Selon le lesbianisme politique, l’hétérosexualité institutionnalise l’appropriation des femmes par les hommes, notamment à travers l’exploitation domestique et la transformation des femmes en objets sexuels, résume la sociologue et professeur à Sciences Po Paris Ilana Eloit.

Plusieurs personnalités féministes lesbiennes étaient présentes à la marche de dimanche, dont l’actrice Adèle Haenel et la réalisatrice Céline Sciamma.

« La honte ! »

Adèle Haenel est devenue une héroïne pour les féministes quand elle a pris la parole pour accuser le réalisateur Christophe Ruggia de harcèlement sexuel et d’« attouchements », quand elle avait entre 12 et 15 ans. Trois mois plus tard, l’actrice quittait la salle aux Césars en criant « la honte !  » après l’obtention du titre de meilleur réalisateur par Roman Polanski, condamné aux États-Unis pour le viol en 1977 d’une adolescente de 13 ans.

« Désormais on se lève et on se barre  », écrivait la romancière Virginie Despentes dans une tribune, quelques jours après le geste d’Adèle Haenel. Cette écrivaine féministe a fait son coming out lesbien à 35 ans. « Elle a beaucoup d’influence et une grande popularité.

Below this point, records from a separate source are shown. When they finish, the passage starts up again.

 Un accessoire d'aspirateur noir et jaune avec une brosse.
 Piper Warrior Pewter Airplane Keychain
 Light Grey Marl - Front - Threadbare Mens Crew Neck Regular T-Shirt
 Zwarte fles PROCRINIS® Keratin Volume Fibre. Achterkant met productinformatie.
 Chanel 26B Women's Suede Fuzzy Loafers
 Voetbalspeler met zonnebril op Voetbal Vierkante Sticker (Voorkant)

Qu’elle soit devenue lesbienne, en donnant une dimension très politique à cette identité, est très significatif », explique l’historienne et professeur à l’université d’Angers Christine Bard.

Que ces figures de proue militent pour le féminisme en tant que lesbiennes est nouveau en France, note Ilana Eloit.

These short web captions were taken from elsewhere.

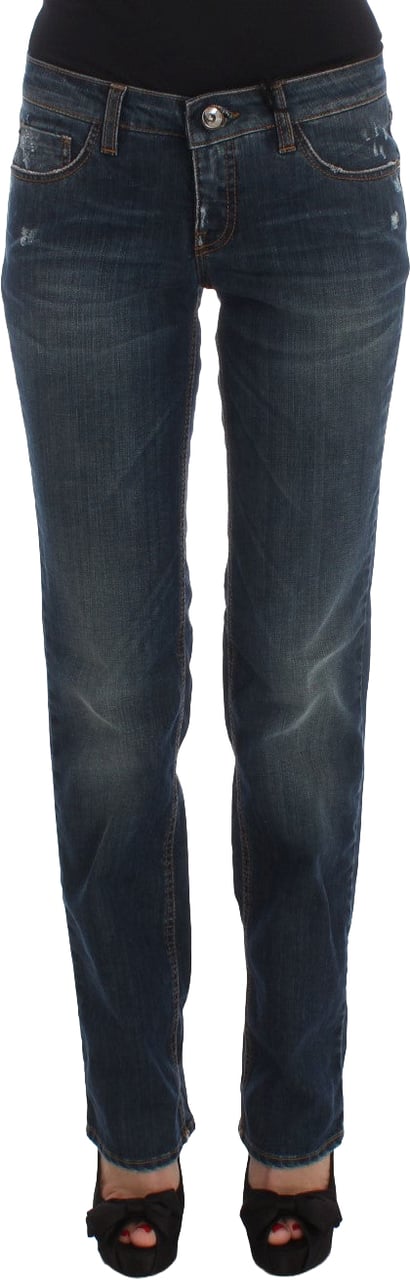 Costume National Blue Cotton Blend Bootcut Jeans Blauw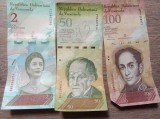 Venezuela: Lot 3 Bancnote - 2, 50, 100 Bolivares - Bancnote Straine America - Circulate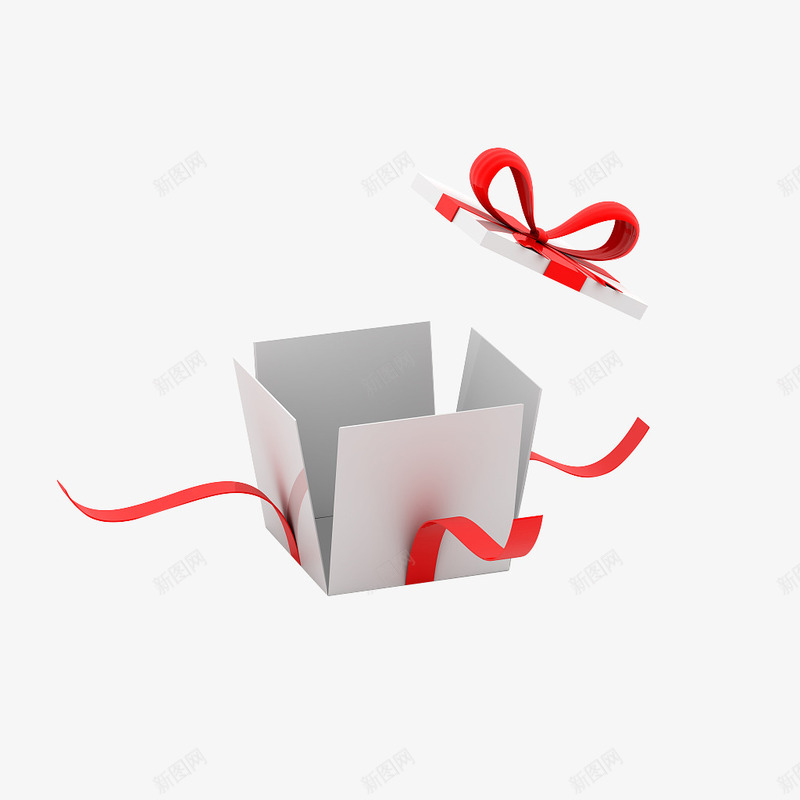 白色礼物盒png免抠素材_新图网 https://ixintu.com 圣诞礼物 开着的 方形 正方形 生日礼物 白色礼盒 礼物盒 礼盒 空白包材 空的 空礼盒 红色缎带 纸盒子 高档包装盒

L’écrivaine et militante Monique Wittig a tenté de fonder un courant lesbien au sein du Mouvement de libération des femmes (MLF) dans les années 1970, mais a été « complètement effacée » par les autres féministes et a « fui » aux États-Unis, assure Ilana Eloit.

Pour Christine Bard, l’universalisme républicain a rendu « plus compliqué » le militantisme lesbien en France.

« Aujourd’hui, toutes ces figures publiques du féminisme ont lu Monique Wittig, c’est évident  », assure Ilana Eloit, soulignant qu’Adèle Haenel a choisi de lire un extrait de l’ouvrage Le corps lesbien de Monique Wittig lors d’un passage sur France Inter en septembre. « Le fait de ne pas être hétérosexuelle est une position privilégiée pour expliquer la domination patriarcale », juge Ilana Eloit.

Lesbianisme politique

En réaction à l’émergence du lesbianisme politique, la philosophe et féministe universaliste Elisabeth Badinter a dénoncé ce qu’elle considère comme « l’expression abrupte d’une haine des hommes », dans une tribune publiée en septembre.

Et lors de la parution de l’essai d’Alice Coffin, Le génie lesbien (Grasset) le même mois, un passage en particulier, pris hors contexte, a déclenché une vague d’indignation : « Il faut, à notre tour, éliminer (les hommes). Les éliminer de nos esprits, de nos images, de nos représentations ».

La ministre déléguée à la Citoyenneté Marlène Schiappa (LREM) a accusé l’élue écologiste de défendre « une forme d’apartheid » et la maire (PS) de Paris Anne Hidalgo s’est également distanciée de ses propos. « Ce n’est pas possible d’aller m’accuser de division alors que je réponds à la division qui a été institutionnalisée depuis des siècles », a expliqué à l’AFP Alice Coffin en amont de la Marche lesbienne.

Les chanteuses Angèle, Hoshi et Christine and the Queens et Pomme ont toutes affiché leur homosexualité ou leur bisexualité ces dernières années, une nouveauté en France où très peu de personnalités le font, critique Alice Coffin dans son livre. Nul doute que des figures lesbiennes émergent dans l’espace public, mais selon Sarah Jean-Jacques, qui prépare une thèse en sociologie sur la visibilité des lesbiennes à l’université de Paris, « ça reste très minoritaire  ».